Meet Kyle Lemmon, who graduated in 2007 with a public relations and journalism degree and currently works as the marketing manager at Psyonix, a video game development studio based in San Diego, Calif. We talked with Kyle and asked him to share about his day to day life at the studio and how PUC helped give him the tools he needed to become successful.
Tell us about yourself.
I’ve been a gamer ever since the Nintendo days and always wanted to work at a game studio I admired. I live in Vista, Calif., with my college sweetheart, Brooke (we met at PUC), and two fiercely independent daughters, Arden and Ava.
I started writing about TV, film, indie rock music, and video games as a journalist during college, before transitioning to qualitative video game market research at EEDAR (Electronic Entertainment Design and Research). I then finally made a move to Psyonix as the Marketing Manager for the Sports-Action hit, Rocket League, and have been there ever since. You can find us on PS4, Xbox One, and Steam (PC)!
What was your major at PUC?
I was a public relations and journalism major at PUC and graduated in 2007.
Describe your typical workday.
I oversee the Creative Services and general Marketing department alongside our VP of Publishing, Jeremy Dunham. A typical workday can range from talking to current and prospective licensees to working on setting up sales and various promotions on the PlayStation, Xbox One, and Steam storefronts. I also work alongside our PR, Production, Design, and Community teams to announce new game modes, general updates, and downloadable content for Rocket League since we like to put our community first and consistently expand on our game to give them new content to play. If you haven’t heard of Rocket League before you should check it out! It’s essentially rocket-boosted cars playing soccer and there’s a huge competitive esports scene as well. Here’s one of our latest trailers for two awesome Hot Wheels DLC Battle-Cars!
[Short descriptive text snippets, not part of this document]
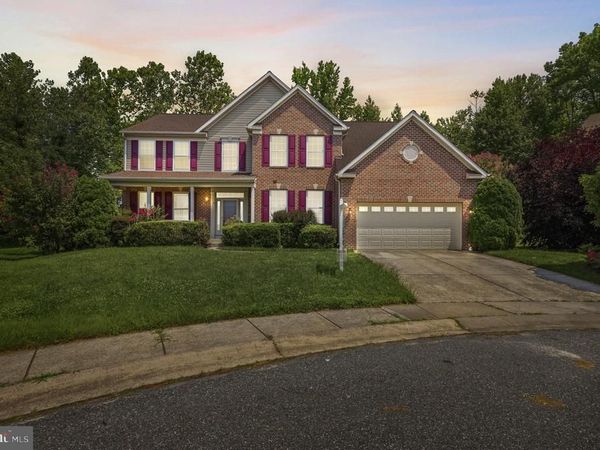 6 POWELL PLACE, ELKTON, MD 21921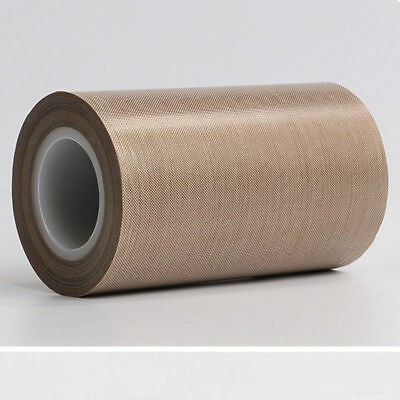 شراء أقمشة الزجاج PTFE مع شريط لاصق حساس للضغط online manufacture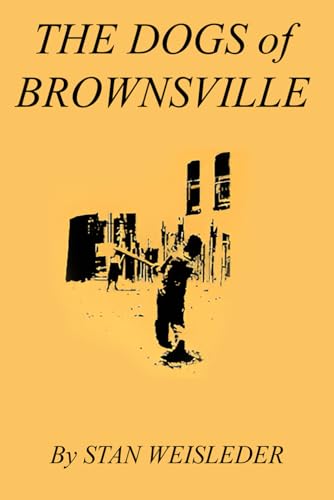 The Dogs of Brownsville von Design Marvel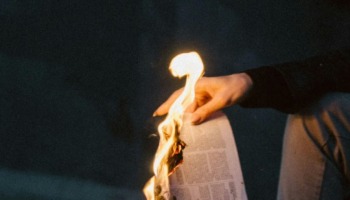 O que Deus na Bíblia diz sobre rebeldia (estudo)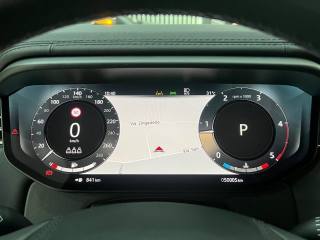 LAND ROVER Range Rover Sport usata, con Controllo automatico clima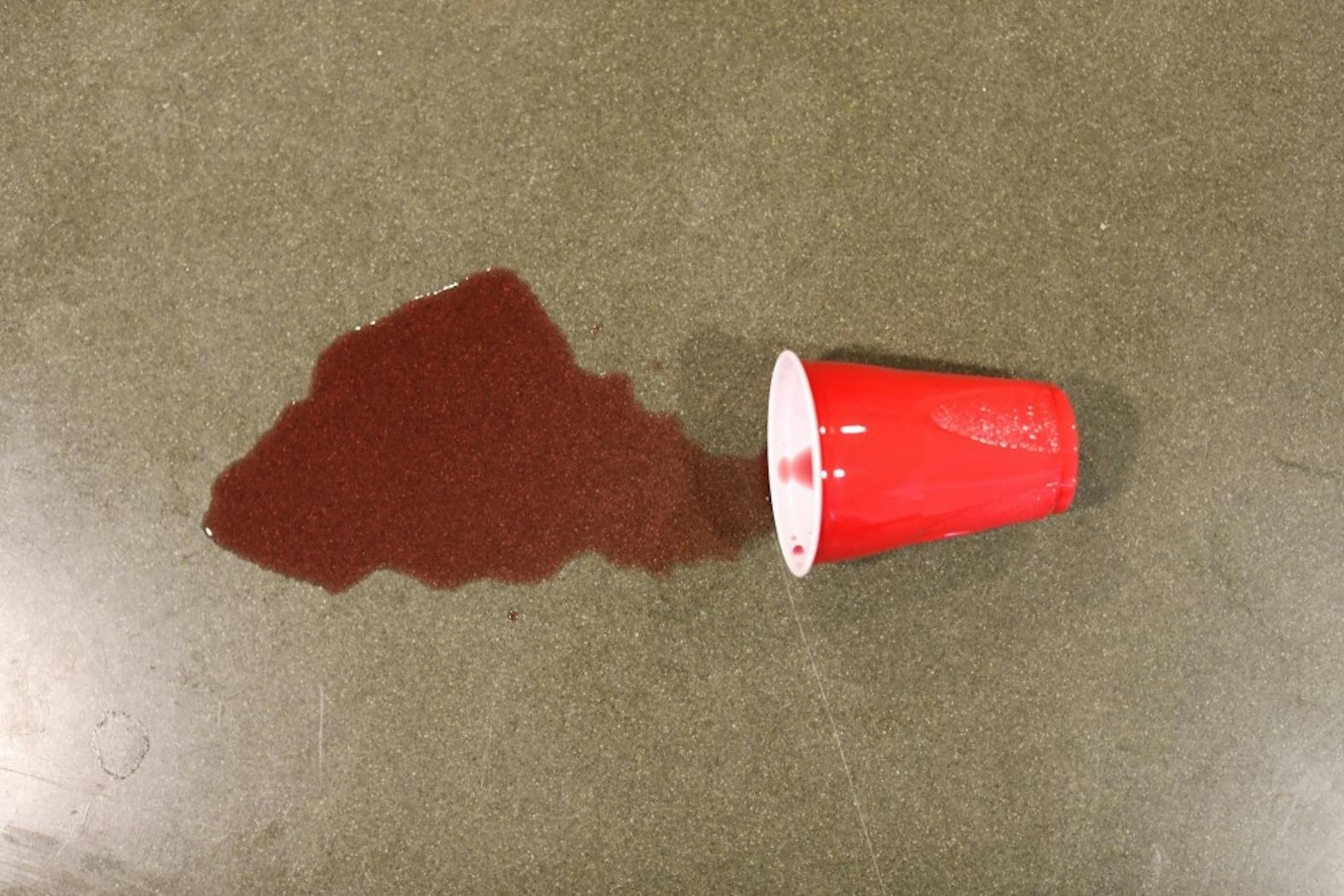 Red Solo Cup Frat Alcohol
What is the most enjoyable part of your job? The most challenging?
Solid questions! The most enjoyable part of my job is no day or week is the same. I could be working to promote an outer-space-themed update like Starbase ARC one month and switch over to working on new licensed merchandise and toys with our partners the following week. I really love the wide variety of work and people I get to interact with here at Psyonix!
On the challenging side of things, I would say game development does come with some amount of work outside of the usual office hours and building out a small team has certainly been difficult, but highly rewarding at the same time. It’s nice to look around a room and see things changing and we all support each other, too. Our growing community of over 29 million players definitely inspires me to improve and aspire for bigger and better things.
How did your time at PUC help prepare you for your career?
My time at PUC prepared me for tight deadlines, which definitely come up in the video game industry. Sometimes you have to adjust on the fly and find another plan with a team when things change midstream. That was one of the key things I gleaned from college aside from the usual best practices for writing and communication. My Communication professors prepared me for my career by teaching that you should never stop looking at the world around you since there are daily opportunities to learn new things and improve yourself.
What is the most important thing you learned during your time at PUC?
The most important thing I learned from my time in Angwin was to establish a strong work ethic and compassion for people working alongside you. I try to remember every day when I wake up. Many people believed in me so I try to do the same for others the best I can. I’m not always perfect 100 percent of the time, but the goal is to try my best and listen with an open heart and mind. This is something I learned from my dad and mom as well.
Who was your favorite professor while you were at PUC and why?
My favorite professor hands down was Dr. Victoria Mukerji. I will never forget my meetings with her over oatmeal and hot cocoa for the Campus Chronicle when we investigated a cult, reviewed films, and talked about world issues. She gave us a lot of free reign and I have sought out mentors who do the same. She was the most thought-provoking teacher at PUC by far and pushed her students to not just accept what was given to them in textbooks, but to investigate on their own outside of class. Curiosity is a tough thing to engender, but she managed to do just that with every class.
You served as editor of the Campus Chronicle, PUC’s student newspaper. What was your favorite thing about that experience?
I always enjoyed the adrenaline rush of seeing my work in print and announcing something people were excited to read about the next day. I still get chills whenever we announce a new update for Rocket League to this day for very similar reasons. It’s great to collaborate on something bigger than yourself!
What advice would you give to students who aspire to work in the video game industry?
The video game industry has historically been a very insular one that is hard to break into, but working in the marketing departments for other entertainment industries certainly will give you plenty of transferrable skills. Persistence and a clear vision for projects you are working on is also important. In terms of landing that first job, it’s good to be clear and concise with what you want to do at that company and create a reasonable plan to present to them. Passion is truly contagious. Asking someone you look up to for advice is also a great place to start. I consider myself truly honored and lucky to work in the video game industry.